Devina made some original additions to liven up the game world, such as creating readable textures for signs that were previously unreadable bubbles. The result is great – like the AI-enhanced mods for Final Fantasy 7 and 9, Crisis Core’s upscale looks better than many of Square Enix’s own ports. Installing the high resolution texture pack is also easy, thanks to the PPSSPP emulator. After downloading the files from Github, you simply open the PPSSPP menu with the game running and configure it to replace the textures with the ones you downloaded. The emulator will insert them on the spot.

Qualls and Devina estimate that the project has already completed about 90 percent, but the last patch could last a long time. “I still have a lot of work to do with the characters and I feel that this is a kind of situation where you find a speck of dust on the floor, but then more dust close to something you’ve already sucked in,” says Devina. “I am always finding things to improve.”

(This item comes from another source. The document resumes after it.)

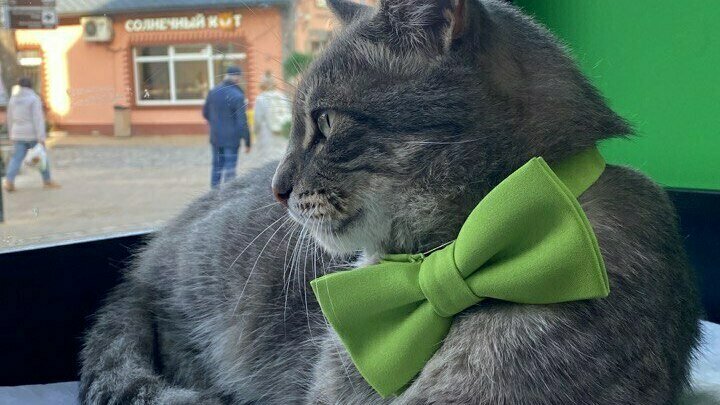 Кот Сергей 3.jpg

Qualls wrote some tools to make it easier to view and compare original and new textures for PSP games. (Image credit: eqprog/Devina)

Still, even before finishing, this will probably be the definitive version of Crisis Core for years to come. It seems like an obvious choice for Square Enix to port to newer platforms along with the FF7 Remake, which I told Devina.

“I used to think so too (why can’t Square just remaster this game already?), But having looked at the files and how the internal logic works, I can see why it would be difficult for them” Devina says.

Qualls agrees – both think Crisis Core was divisive enough to discourage Square from making an effort in what would probably be a complete remake. A port would have to deal with some of Crisis Core’s strangest design decisions and the limitations of the PSP hardware, such as its single analog stick, which looks strange today.

The emptiness of a modern door gave these modders a way to get past 2020, something Qualls is especially grateful for. He hopes that a few more people will be interested in helping to finish the Crisis Core Upscale Project, or use the tools he created after learning Python on his own. They help organize poured textures and generate the file that PPSSPP uses to find them. Downloading the mod, tools or getting involved is as simple as accessing Github.